▶ _What to do_:
Your answer should hold exactly the lines below from the line with "but we're also" through the line with "The story of", both included, and no pictures at all.

▶ _Given data_:

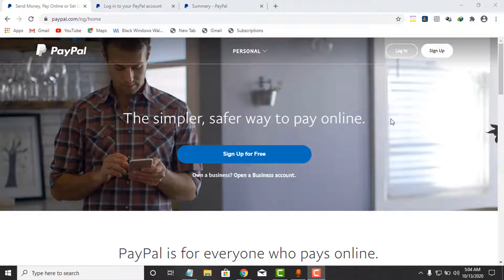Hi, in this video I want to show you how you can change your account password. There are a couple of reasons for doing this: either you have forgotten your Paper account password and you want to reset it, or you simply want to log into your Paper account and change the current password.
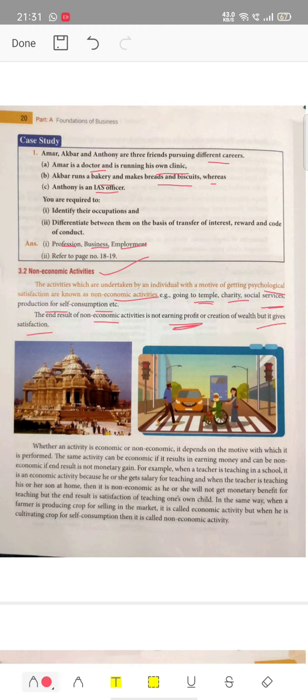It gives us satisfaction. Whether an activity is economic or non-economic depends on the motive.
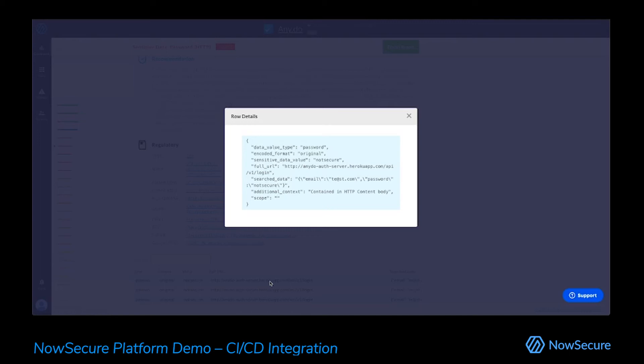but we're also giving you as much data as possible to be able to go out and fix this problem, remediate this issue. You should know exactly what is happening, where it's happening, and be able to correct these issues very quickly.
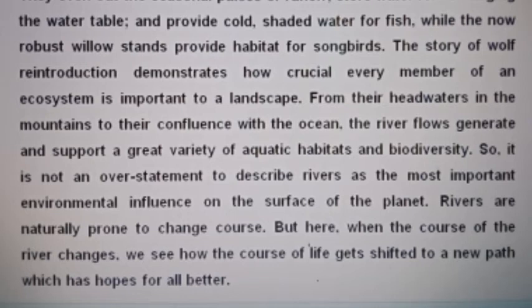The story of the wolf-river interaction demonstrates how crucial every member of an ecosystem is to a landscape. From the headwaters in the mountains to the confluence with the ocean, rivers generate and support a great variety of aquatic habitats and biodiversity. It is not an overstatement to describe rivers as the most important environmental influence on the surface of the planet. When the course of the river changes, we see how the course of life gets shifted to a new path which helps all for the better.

--

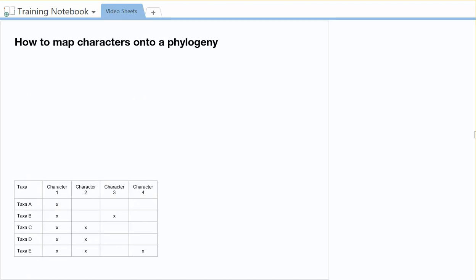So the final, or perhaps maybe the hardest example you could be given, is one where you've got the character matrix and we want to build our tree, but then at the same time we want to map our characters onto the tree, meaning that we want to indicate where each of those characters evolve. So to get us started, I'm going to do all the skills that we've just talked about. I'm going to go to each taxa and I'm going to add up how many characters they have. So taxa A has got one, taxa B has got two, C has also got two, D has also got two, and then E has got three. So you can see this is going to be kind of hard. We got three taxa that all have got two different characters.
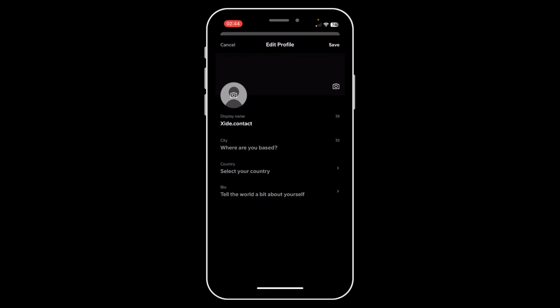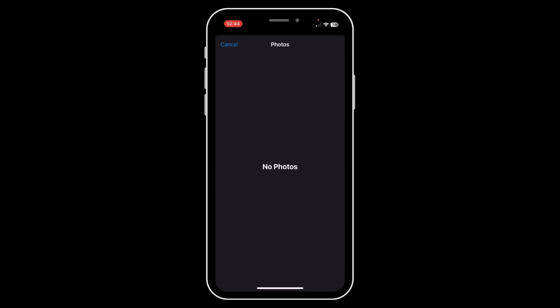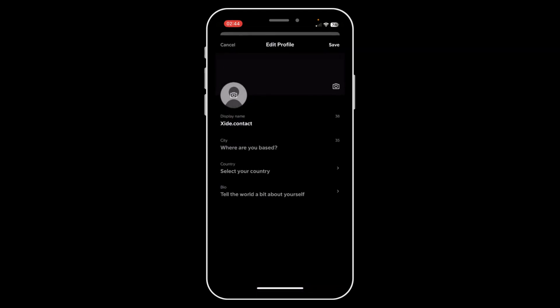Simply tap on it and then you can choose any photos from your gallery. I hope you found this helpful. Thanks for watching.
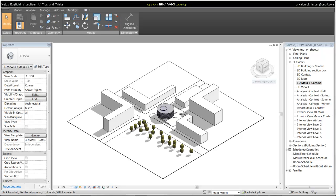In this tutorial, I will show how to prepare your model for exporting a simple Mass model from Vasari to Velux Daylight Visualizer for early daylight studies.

▶ _Exercise answer_:
but we're also giving you as much data as possible to be able to go out and fix this problem, remediate this issue. You should know exactly what is happening, where it's happening, and be able to correct these issues very quickly.
The story of the wolf-river interaction demonstrates how crucial every member of an ecosystem is to a landscape. From the headwaters in the mountains to the confluence with the ocean, rivers generate and support a great variety of aquatic habitats and biodiversity. It is not an overstatement to describe rivers as the most important environmental influence on the surface of the planet. When the course of the river changes, we see how the course of life gets shifted to a new path which helps all for the better.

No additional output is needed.